If you’ve heard Sen. Mitch McConnell speaking on television any time in the past six months, you’ve most likely heard him say that President Barack Obama “got everything he wanted” through Congress. It’s all on Obama’s shoulders, since he rammed every liberal policy he possibly could into law.
Which is, of course, quite false. Filibustering every bill in sight required a litany of bills to be watered down (stimulus, health care reform, Wall Street reform), and many were blocked altogether despite the support of just under 60 senators and the full House (climate change, DREAM Act).
And those statements also quite jarringly contradict the first new video released (yes, already) for his 2014 re-election campaign today, which tells viewers that McConnell singlehandedly blocked Obama from getting any of his agenda passed by Congress:
Credit where it is do: At least this video is much more honest. Mitch McConnell is quite adept at obstructing legislation — the most prolific abuser of the filibuster in American history — in order to politically harm a sitting president.

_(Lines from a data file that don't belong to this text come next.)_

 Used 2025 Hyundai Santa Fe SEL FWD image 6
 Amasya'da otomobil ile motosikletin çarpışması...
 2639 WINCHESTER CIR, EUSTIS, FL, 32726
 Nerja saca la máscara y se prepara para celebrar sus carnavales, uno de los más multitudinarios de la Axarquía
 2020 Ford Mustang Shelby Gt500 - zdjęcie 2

As you can see in the video, McConnell also loves it when people talk about how important and powerful he is. In 2008, McConnell’s campaign theme was the same, yet it consisted of telling voters how much pork and federal spending he was able to deliver to Kentucky through his real ultimate power. Since that’s now out of favor, his new theme is how he was able to block any progress that Obama wanted, so that he could be a one-term president. In other words, the campaign is less “Country First” or “Kentucky First,” and more “McConnell First.”

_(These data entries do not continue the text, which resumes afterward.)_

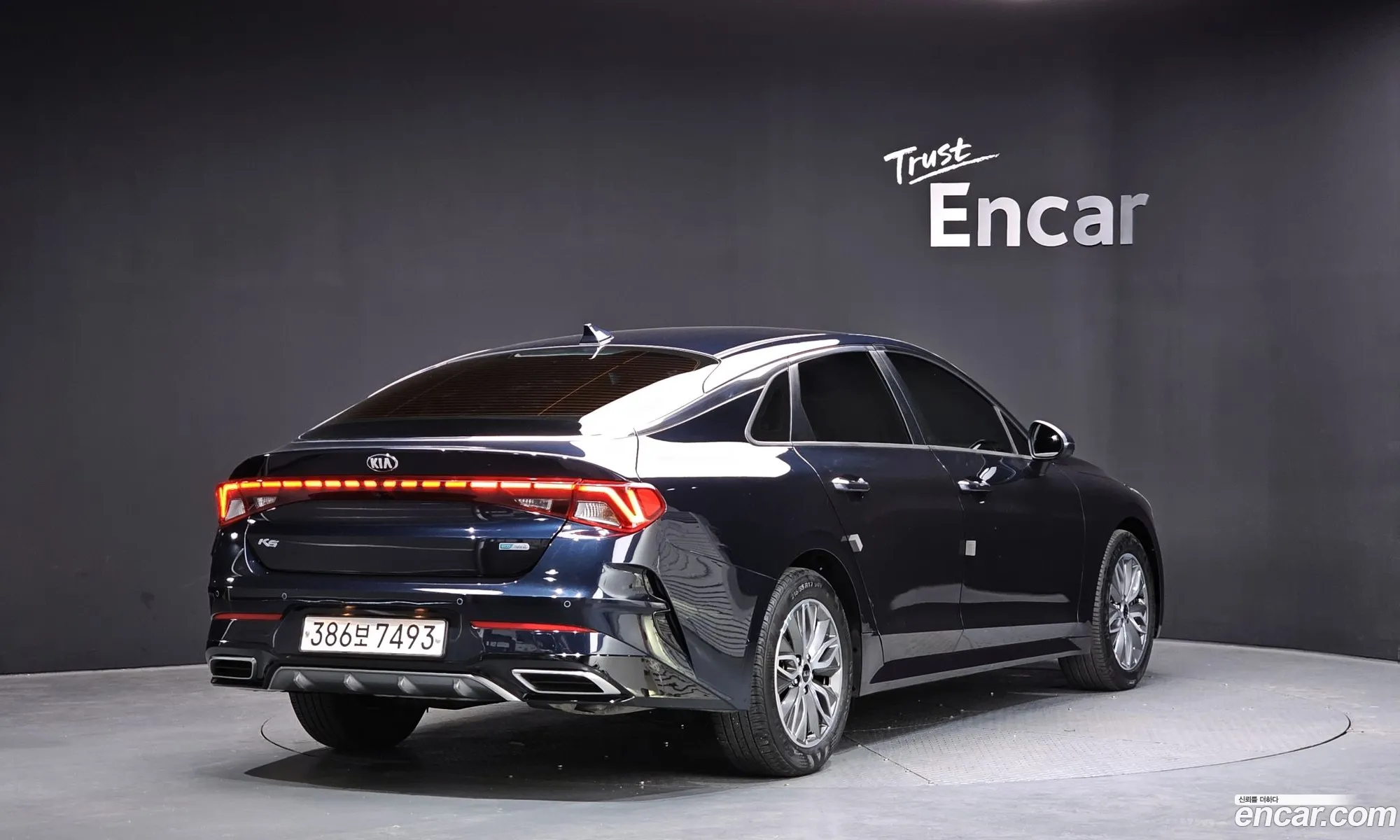 Kia K5 Hybrid 2021 — 18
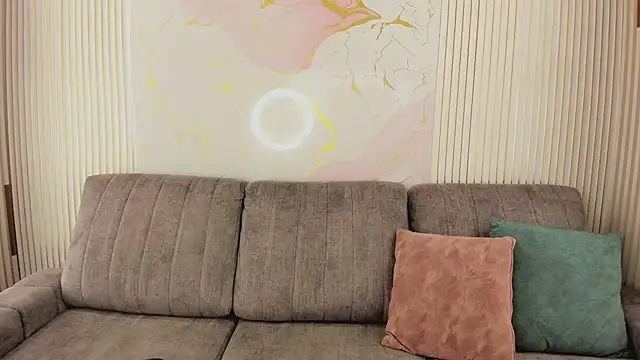 NhoanBrunette online show from 17, 2, 2026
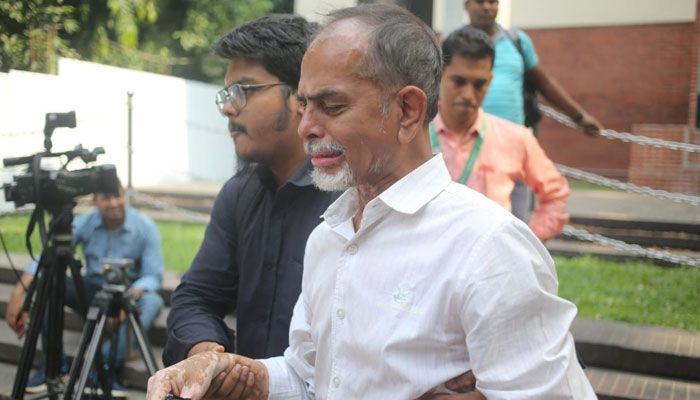 মানববন্ধনে পরশের বাবা উপস্থিত ছিলেন। ছবি : ইন্দ্রজিৎ কুমার ঘোষ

That is, unless you actually believe McConnell’s statements saying that Obama got everything he wanted, in which case Mitch McConnell is a giant failure. Mitch assumes that you’ll overlook the contradiction.
And ultimately the larger message — coming just on the heels of Sen. Dick Lugar’s purging by the Tea Party to the north — is that McConnell is an unstoppable powerhouse, and the only person capable of blocking everything that Obama could possibly want — even if much of his policies are rehashes of previous Republican policy ideas.
When Dick Lugar made this statement earlier today…
“Some Americans who will remain nameless really extol the virtues of no cooperation. It’s really my way or the highway. I understand the frustrations the anger the anxiety, but nevertheless I`m gonna try to get results.”
…everyone assumed (rightly so) that he was referring to his Tea Party rival Richard Mourdock, who dispatched him earlier this month with a “compromise is evil” platform.
But honestly, he might as well have been talking about Mitch McConnell. Whereas the Tea Party at least despises compromise on ideological grounds, for McConnell it is all about his own personal power — which is either all-encompassing or non-existent, depending on what day you hear him and what talking point he’s using.